The guns were jamming because they had burned through the lubricant, so for 45 minutes Nunn brought around supplies of cooking oil, ammunition and water. Realizing Nunn was slightly out of his control, and though he knew his soldier would be better off sitting still, Lane finally relented and let Nunn continue fighting from a sanger.
Bullets and tracers ripped by Lane as he ran from sanger to sanger, moving his men into position and setting the tone of the fight. They fired back at an enemy that was probing and moving in. RPGs exploded, mortars rained down and the fighting stretched across one hour, then two, then three as the enemy probed for openings and Lane moved his men around to counter positions.
After four and a half relentless hours, supply-line logistics perched vulture-like over the PJCC. The British were running out of ammunition, having fired over 12,500 rounds, and the 200-plus JAM force appeared to be grouping for a decisive assault just as an American Predator and several British Tornados came on station and began attacking. That swung the odds sharply and suddenly in the opposite direction, and JAM finally stopped trying to swallow the porcupine. Incredibly, as the sun began to rise on the 5th day that Lane’s platoon of 24 hardy soldiers had been in Iraq, they had suffered only three wounded while holding off a ferocious fighting force nearly ten times their number with a much shorter supply line in what had been the largest attack on the British since 2003.
But the party was just getting started. Attacks on the PJCC continued nearly every day for a month. On 22 June, JAM made another effort to overrun the outpost with a well-planned and executed attack initiated with 2 RPGs at the main entrance, followed immediately by firing into the 4 sangers from roughly 15 different positions. Nearly from the start, the enemy breached the perimeter.
LCpl Gregory recalled that at about midnight, the sanger he was in took fire from three AKs. The rounds were accurate and snapped by. Two of the soldiers ducked, and Gregory told them to return fire but the bullets were so close they refused to get up. So he grabbed the machine gun and fired about 200 rounds before the gun stopped. He handed the weapon down for a soldier to clear it, and ran downstairs for another machine gun, which also stopped after about 150 rounds. By now there was so much dust it was hard to see. He handed off that second machine gun, grabbed a third which also had a stoppage, and then began firing his rifle, which also stopped, but by then the first machine gun had been cleared so he fired with that until it stopped.

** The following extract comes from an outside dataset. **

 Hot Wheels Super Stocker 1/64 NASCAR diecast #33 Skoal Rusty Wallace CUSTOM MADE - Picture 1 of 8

At some point one of the AKs dropped off or perhaps the shooter was hit.
Night after night firefights like this occurred at the PJCC, while over at Basra Palace the rockets and mortars never seemed to stop. Out on the streets was a running ambush, and at night the soldiers ran targeted strike ops. Although it seemed to many of the soldiers that no one on the home front knew how hard and well they were fighting, back in England, apart from families and friends, one woman—the Duchess of Cornwall—was paying close attention to the daily struggle to restore security and order to Basra, and making sure the men who shouldered this task knew it. Only one who has been in close combat can know the relief that emanates from someone watching their back.